Description of the task
Every entry below should be printed exactly.

Record extracts
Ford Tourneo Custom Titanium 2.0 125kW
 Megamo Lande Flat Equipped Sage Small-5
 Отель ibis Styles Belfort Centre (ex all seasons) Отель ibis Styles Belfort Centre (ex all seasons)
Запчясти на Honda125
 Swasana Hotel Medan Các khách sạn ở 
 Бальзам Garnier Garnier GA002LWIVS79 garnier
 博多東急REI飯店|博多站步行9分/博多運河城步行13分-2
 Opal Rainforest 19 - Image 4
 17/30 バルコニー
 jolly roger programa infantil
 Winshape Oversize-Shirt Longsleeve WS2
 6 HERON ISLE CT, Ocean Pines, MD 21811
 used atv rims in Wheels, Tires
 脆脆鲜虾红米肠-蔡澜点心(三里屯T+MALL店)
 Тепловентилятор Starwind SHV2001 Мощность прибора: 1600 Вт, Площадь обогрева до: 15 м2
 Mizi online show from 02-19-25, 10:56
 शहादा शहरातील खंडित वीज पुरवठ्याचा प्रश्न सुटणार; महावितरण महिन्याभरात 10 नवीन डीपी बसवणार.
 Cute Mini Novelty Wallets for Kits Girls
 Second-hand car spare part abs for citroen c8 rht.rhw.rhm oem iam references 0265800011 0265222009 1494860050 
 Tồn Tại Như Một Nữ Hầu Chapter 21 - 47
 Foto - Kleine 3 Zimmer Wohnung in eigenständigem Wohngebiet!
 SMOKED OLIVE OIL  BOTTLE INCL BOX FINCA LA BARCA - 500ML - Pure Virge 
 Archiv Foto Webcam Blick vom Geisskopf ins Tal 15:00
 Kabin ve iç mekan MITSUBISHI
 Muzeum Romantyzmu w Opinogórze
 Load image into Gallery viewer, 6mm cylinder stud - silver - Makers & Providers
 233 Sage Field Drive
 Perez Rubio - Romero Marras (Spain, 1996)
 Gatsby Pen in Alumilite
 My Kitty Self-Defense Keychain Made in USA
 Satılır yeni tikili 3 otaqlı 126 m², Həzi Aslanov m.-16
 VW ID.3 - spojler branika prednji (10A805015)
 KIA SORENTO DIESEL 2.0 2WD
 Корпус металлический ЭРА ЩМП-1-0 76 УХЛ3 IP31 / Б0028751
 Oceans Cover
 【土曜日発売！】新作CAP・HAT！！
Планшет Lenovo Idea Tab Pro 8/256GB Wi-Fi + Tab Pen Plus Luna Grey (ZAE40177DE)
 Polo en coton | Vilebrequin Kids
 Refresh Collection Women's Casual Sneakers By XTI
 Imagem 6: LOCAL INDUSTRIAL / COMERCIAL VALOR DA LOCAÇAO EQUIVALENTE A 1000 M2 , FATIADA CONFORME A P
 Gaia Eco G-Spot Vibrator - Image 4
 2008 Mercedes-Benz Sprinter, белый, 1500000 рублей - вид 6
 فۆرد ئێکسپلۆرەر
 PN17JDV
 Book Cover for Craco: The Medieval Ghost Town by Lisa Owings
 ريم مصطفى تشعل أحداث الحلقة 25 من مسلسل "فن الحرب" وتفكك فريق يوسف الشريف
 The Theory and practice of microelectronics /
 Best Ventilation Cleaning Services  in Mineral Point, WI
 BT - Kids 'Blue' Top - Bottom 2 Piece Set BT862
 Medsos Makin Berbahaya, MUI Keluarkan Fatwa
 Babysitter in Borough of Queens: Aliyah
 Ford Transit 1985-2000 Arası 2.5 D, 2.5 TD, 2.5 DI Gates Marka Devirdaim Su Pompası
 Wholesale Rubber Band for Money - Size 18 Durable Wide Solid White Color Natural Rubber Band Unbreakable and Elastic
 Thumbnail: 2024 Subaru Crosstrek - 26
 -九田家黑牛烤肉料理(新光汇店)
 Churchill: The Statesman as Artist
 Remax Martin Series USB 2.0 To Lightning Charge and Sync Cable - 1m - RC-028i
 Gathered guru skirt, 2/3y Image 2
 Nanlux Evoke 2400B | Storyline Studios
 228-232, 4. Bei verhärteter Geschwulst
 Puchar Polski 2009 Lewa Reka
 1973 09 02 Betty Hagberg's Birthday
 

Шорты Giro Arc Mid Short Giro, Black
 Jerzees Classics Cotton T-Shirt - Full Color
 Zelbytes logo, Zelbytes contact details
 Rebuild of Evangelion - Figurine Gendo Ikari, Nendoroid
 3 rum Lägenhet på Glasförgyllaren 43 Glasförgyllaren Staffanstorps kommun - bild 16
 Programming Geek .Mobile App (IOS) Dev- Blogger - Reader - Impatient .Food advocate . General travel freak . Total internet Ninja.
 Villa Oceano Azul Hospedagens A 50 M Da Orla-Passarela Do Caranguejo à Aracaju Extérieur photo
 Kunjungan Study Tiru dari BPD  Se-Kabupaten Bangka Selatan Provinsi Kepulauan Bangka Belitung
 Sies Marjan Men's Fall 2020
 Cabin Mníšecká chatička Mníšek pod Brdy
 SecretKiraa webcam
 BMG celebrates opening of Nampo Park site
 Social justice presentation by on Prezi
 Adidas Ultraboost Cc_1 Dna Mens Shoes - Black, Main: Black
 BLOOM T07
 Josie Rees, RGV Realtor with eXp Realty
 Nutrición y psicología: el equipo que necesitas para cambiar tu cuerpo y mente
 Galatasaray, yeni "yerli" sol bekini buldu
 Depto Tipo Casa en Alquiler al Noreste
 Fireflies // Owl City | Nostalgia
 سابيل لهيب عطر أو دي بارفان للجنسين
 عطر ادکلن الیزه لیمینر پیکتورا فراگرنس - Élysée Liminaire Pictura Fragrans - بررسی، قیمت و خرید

Answer for this exercise
Ford Tourneo Custom Titanium 2.0 125kW
 Megamo Lande Flat Equipped Sage Small-5
 Отель ibis Styles Belfort Centre (ex all seasons) Отель ibis Styles Belfort Centre (ex all seasons)
Запчясти на Honda125
 Swasana Hotel Medan Các khách sạn ở 
 Бальзам Garnier Garnier GA002LWIVS79 garnier
 博多東急REI飯店|博多站步行9分/博多運河城步行13分-2
 Opal Rainforest 19 - Image 4
 17/30 バルコニー
 jolly roger programa infantil
 Winshape Oversize-Shirt Longsleeve WS2
 6 HERON ISLE CT, Ocean Pines, MD 21811
 used atv rims in Wheels, Tires
 脆脆鲜虾红米肠-蔡澜点心(三里屯T+MALL店)
 Тепловентилятор Starwind SHV2001 Мощность прибора: 1600 Вт, Площадь обогрева до: 15 м2
 Mizi online show from 02-19-25, 10:56
 शहादा शहरातील खंडित वीज पुरवठ्याचा प्रश्न सुटणार; महावितरण महिन्याभरात 10 नवीन डीपी बसवणार.
 Cute Mini Novelty Wallets for Kits Girls
 Second-hand car spare part abs for citroen c8 rht.rhw.rhm oem iam references 0265800011 0265222009 1494860050 
 Tồn Tại Như Một Nữ Hầu Chapter 21 - 47
 Foto - Kleine 3 Zimmer Wohnung in eigenständigem Wohngebiet!
 SMOKED OLIVE OIL  BOTTLE INCL BOX FINCA LA BARCA - 500ML - Pure Virge 
 Archiv Foto Webcam Blick vom Geisskopf ins Tal 15:00
 Kabin ve iç mekan MITSUBISHI
 Muzeum Romantyzmu w Opinogórze
 Load image into Gallery viewer, 6mm cylinder stud - silver - Makers & Providers
 233 Sage Field Drive
 Perez Rubio - Romero Marras (Spain, 1996)
 Gatsby Pen in Alumilite
 My Kitty Self-Defense Keychain Made in USA
 Satılır yeni tikili 3 otaqlı 126 m², Həzi Aslanov m.-16
 VW ID.3 - spojler branika prednji (10A805015)
 KIA SORENTO DIESEL 2.0 2WD
 Корпус металлический ЭРА ЩМП-1-0 76 УХЛ3 IP31 / Б0028751
 Oceans Cover
 【土曜日発売！】新作CAP・HAT！！
Планшет Lenovo Idea Tab Pro 8/256GB Wi-Fi + Tab Pen Plus Luna Grey (ZAE40177DE)
 Polo en coton | Vilebrequin Kids
 Refresh Collection Women's Casual Sneakers By XTI
 Imagem 6: LOCAL INDUSTRIAL / COMERCIAL VALOR DA LOCAÇAO EQUIVALENTE A 1000 M2 , FATIADA CONFORME A P
 Gaia Eco G-Spot Vibrator - Image 4
 2008 Mercedes-Benz Sprinter, белый, 1500000 рублей - вид 6
 فۆرد ئێکسپلۆرەر
 PN17JDV
 Book Cover for Craco: The Medieval Ghost Town by Lisa Owings
 ريم مصطفى تشعل أحداث الحلقة 25 من مسلسل "فن الحرب" وتفكك فريق يوسف الشريف
 The Theory and practice of microelectronics /
 Best Ventilation Cleaning Services  in Mineral Point, WI
 BT - Kids 'Blue' Top - Bottom 2 Piece Set BT862
 Medsos Makin Berbahaya, MUI Keluarkan Fatwa
 Babysitter in Borough of Queens: Aliyah
 Ford Transit 1985-2000 Arası 2.5 D, 2.5 TD, 2.5 DI Gates Marka Devirdaim Su Pompası
 Wholesale Rubber Band for Money - Size 18 Durable Wide Solid White Color Natural Rubber Band Unbreakable and Elastic
 Thumbnail: 2024 Subaru Crosstrek - 26
 -九田家黑牛烤肉料理(新光汇店)
 Churchill: The Statesman as Artist
 Remax Martin Series USB 2.0 To Lightning Charge and Sync Cable - 1m - RC-028i
 Gathered guru skirt, 2/3y Image 2
 Nanlux Evoke 2400B | Storyline Studios
 228-232, 4. Bei verhärteter Geschwulst
 Puchar Polski 2009 Lewa Reka
 1973 09 02 Betty Hagberg's Birthday
 

Шорты Giro Arc Mid Short Giro, Black
 Jerzees Classics Cotton T-Shirt - Full Color
 Zelbytes logo, Zelbytes contact details
 Rebuild of Evangelion - Figurine Gendo Ikari, Nendoroid
 3 rum Lägenhet på Glasförgyllaren 43 Glasförgyllaren Staffanstorps kommun - bild 16
 Programming Geek .Mobile App (IOS) Dev- Blogger - Reader - Impatient .Food advocate . General travel freak . Total internet Ninja.
 Villa Oceano Azul Hospedagens A 50 M Da Orla-Passarela Do Caranguejo à Aracaju Extérieur photo
 Kunjungan Study Tiru dari BPD  Se-Kabupaten Bangka Selatan Provinsi Kepulauan Bangka Belitung
 Sies Marjan Men's Fall 2020
 Cabin Mníšecká chatička Mníšek pod Brdy
 SecretKiraa webcam
 BMG celebrates opening of Nampo Park site
 Social justice presentation by on Prezi
 Adidas Ultraboost Cc_1 Dna Mens Shoes - Black, Main: Black
 BLOOM T07
 Josie Rees, RGV Realtor with eXp Realty
 Nutrición y psicología: el equipo que necesitas para cambiar tu cuerpo y mente
 Galatasaray, yeni "yerli" sol bekini buldu
 Depto Tipo Casa en Alquiler al Noreste
 Fireflies // Owl City | Nostalgia
 سابيل لهيب عطر أو دي بارفان للجنسين
 عطر ادکلن الیزه لیمینر پیکتورا فراگرنس - Élysée Liminaire Pictura Fragrans - بررسی، قیمت و خرید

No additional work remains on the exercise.